# Axion thrust by enhanced scattering

1. Jun 25, 2015

### Ricvil

Axions in theory are uncharged, spin 0, very light particles, and have a very small scattering cross section when interacting with photons.
But there is a very interesting article about a strong enhanced scattering of neutral particles. "Resonant radiation pressure on neutral particles in a waveguide"- arxiv.org/pdf/physics/0103017
The article above talks about a ressonant backscattering of neutral particles, where under right conditions of frequency, a "arbitrarily small" polarizable scatter in a waveguide can have a huge effective scattering cross section.
Well, the axion has the electrodynamic property of produce electromagnectic polarization due to axion-photon mixing, so axion could be accelerated by resonant geometrical scattering inside waveguides under critical frequency of unimodal propagation, generating a axion thrust?

2. Jun 25, 2015

### ChrisVer

I think this paper is talking about particles in the Rayleigh regime...
I looked for this, and eg here http://patarnott.com/pdf/Moosmuller2009JAWMA.pdf it gives some explanation on what Rayleigh particles are...I don't think this can be generalized to axions?
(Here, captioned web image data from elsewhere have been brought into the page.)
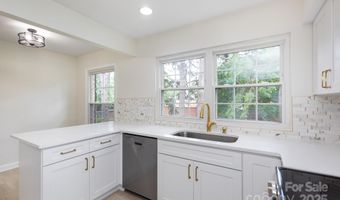 8356 Meadow Lakes Dr, Charlotte, NC 28210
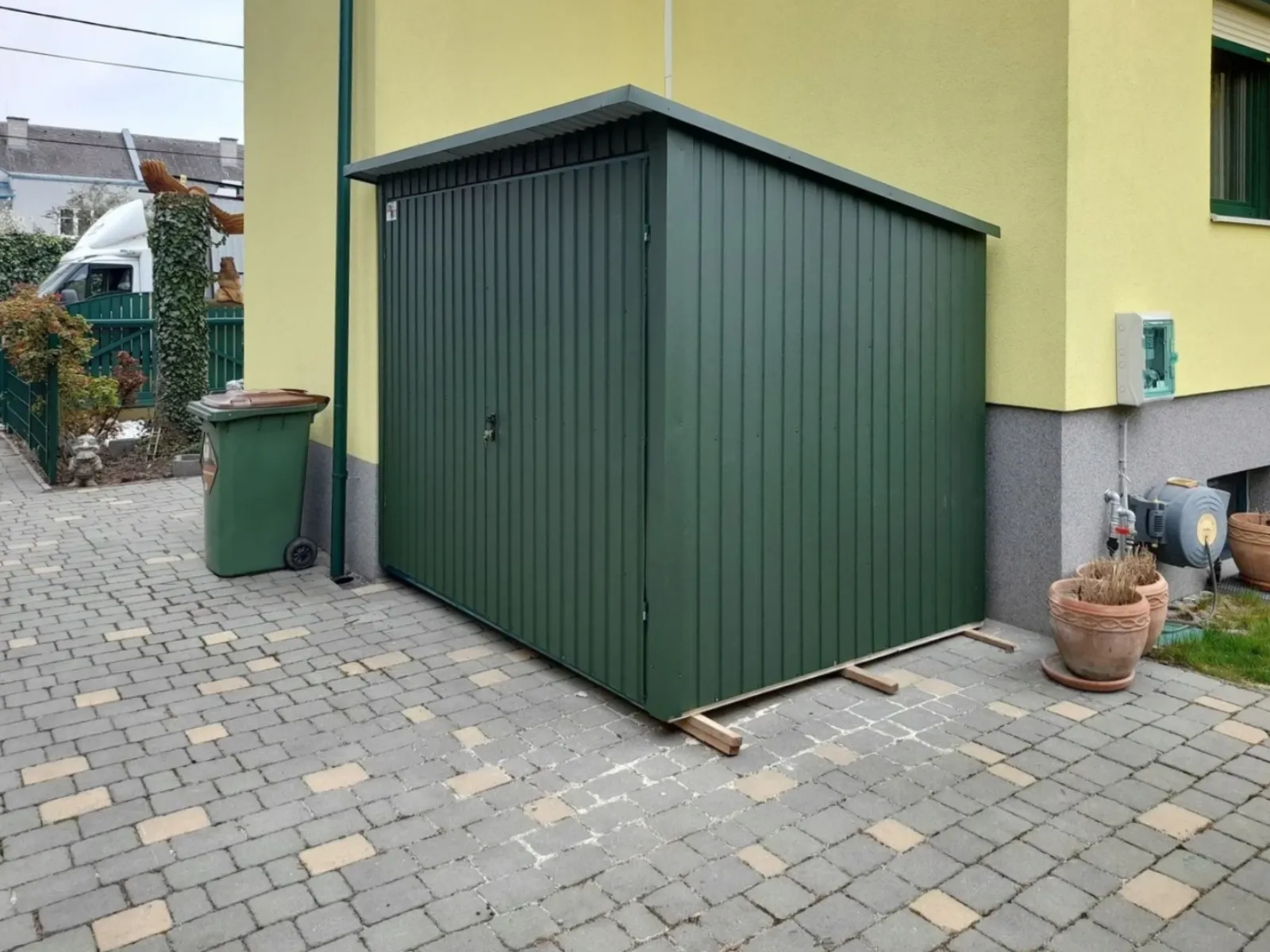 42 z tłem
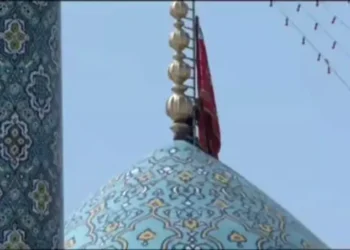 Irani jep sinjal për hakmarrje ndaj Izraelit, ngre flamurin e kuq në xhaminë kryesore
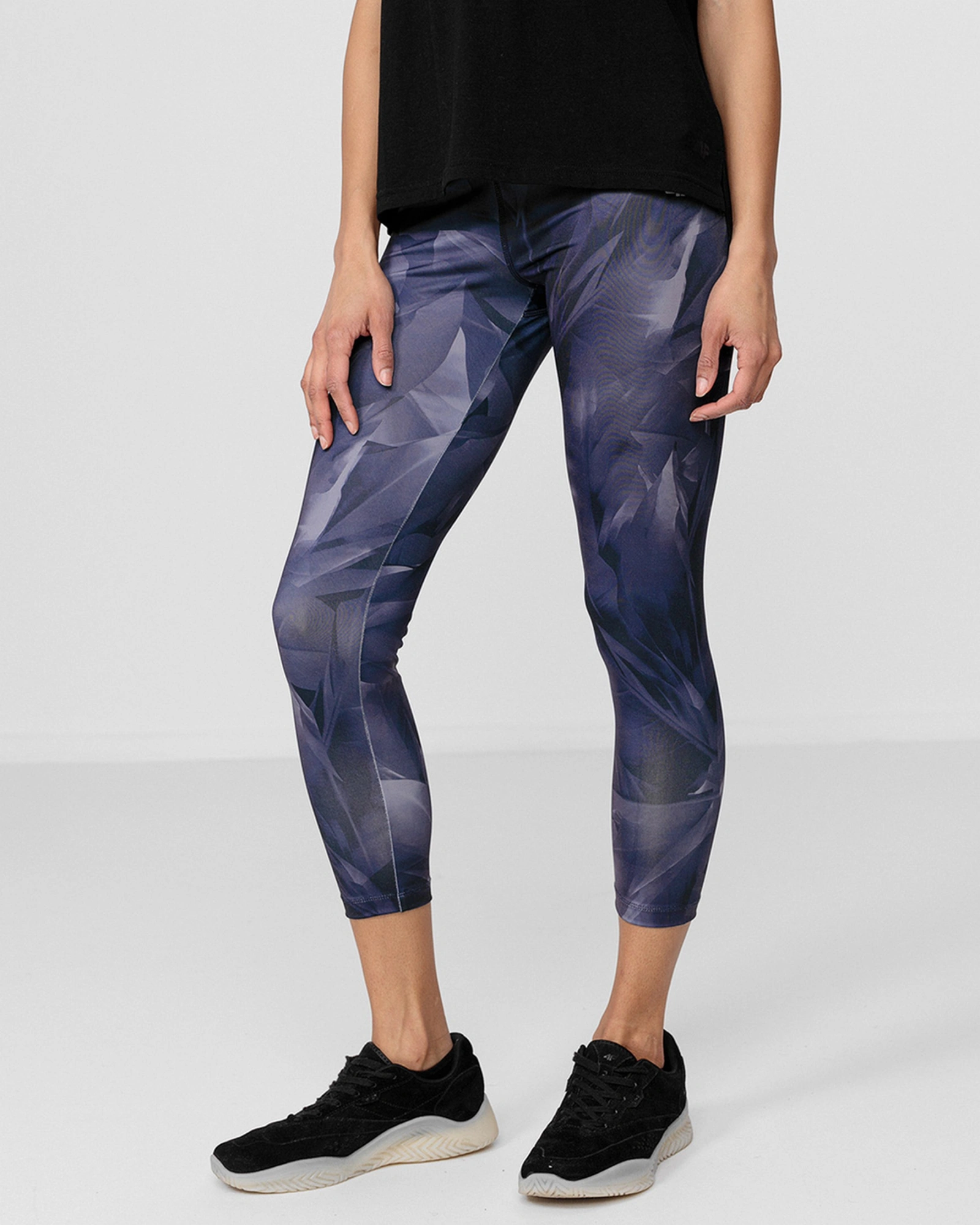 Клин H4L22-LEG018 - Featured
I mean in the parameter $x= \frac{2 \pi r}{\lambda} \ll 1$, what would $2 \pi r$ stand for? the axion doesn't have a circumference.
Why would you accelerate axions? if you apply an external electromagnetic field, the axion will generally produce a photon (the reverse??? Primakoff process), of course dependent on the polarization of your field (due to the coupling to F Ftilde). So I don't think you could accelerate it, rather than change it.

3. Jun 25, 2015

### Staff: Mentor

The "neutral particles" in the paper are things like dust particles. Not with an overall charge, but still made out of electrons and nuclei, which obviously show a significant interaction with photons.
Axions, if they exist at all, are so rare and couple so weakly to matter or light that there is nothing you could accelerate.

4. Jun 26, 2015

### Ricvil

The Primakoff process ( in this context) models the resulting interaction between photon and axion fields under a strong and "static/stationary" background electromagnetic field, producing a aproximate linear model of axion photon electrodynamic.
Basicaly, the Primakoff process models a very paticular situation of a "photon axion oscillation"
Rayleigh scattering is another example of a very particular situation of the most general electromagnectic scattering process.
The article about ressonante scattering is interesting because it shows a process where the transmission of electromagnectic waves (photons with momentum) inside a waveguide can be totaly reflected (inversion of all photons momentuns) by a "arbitrarily small polarizable scatter".
Changes on momentum of photons must be compensated by the change of mometum of the scatter(force on the scatter).
If the scatter is free to move then it will accelerate.
The question:
Is the axion a effective "small polarizable scatter"?

Last edited: Jun 26, 2015
5. Jun 26, 2015

### ChrisVer

What is the probability of a photon to scatter on the axion? or how could you explain this interaction: $a \gamma \rightarrow a \gamma$??

6. Jun 27, 2015

### Ricvil

The process are between two photons and one axion in quantum terminology.
I prefer look this process by axion electrodynamic field equations point of view, where the scattering process is more friendly.
For example, i have found this interesting article associating axion photon oscillation with a index of refraction point of view.
http://arxiv.org/abs/1003.0410
In this article, photon and axions fields are scattered by a strong inhomogeneous magnectic field.
The axion mass was not taked in consideration.
Perhaps the effect of ressonant backscattering in waveguide can be triggered by a strong inhomogeneous magnectic field applied on a section of the waveguide.

7. Jun 27, 2015

### Ricvil

Another interesting article from condensate matter axion electrodynamic
http://arxiv.org/pdf/1503.00235
The axion field causes a "cross-polarization"
The article presents the expressions for the scattering caused by spheres of "topological isolators"

8. Jun 28, 2015

### Ricvil

Sorry, is "Topological insulators".

9. Jun 28, 2015

### Staff: Mentor

This thread is becoming a collection of buzzwords with unclear relations and wild speculations. Not something we like to see here.
If you have some reference discussing the precise effect you are asking about, please send me a message and I'll open the thread again. Until then it remains closed.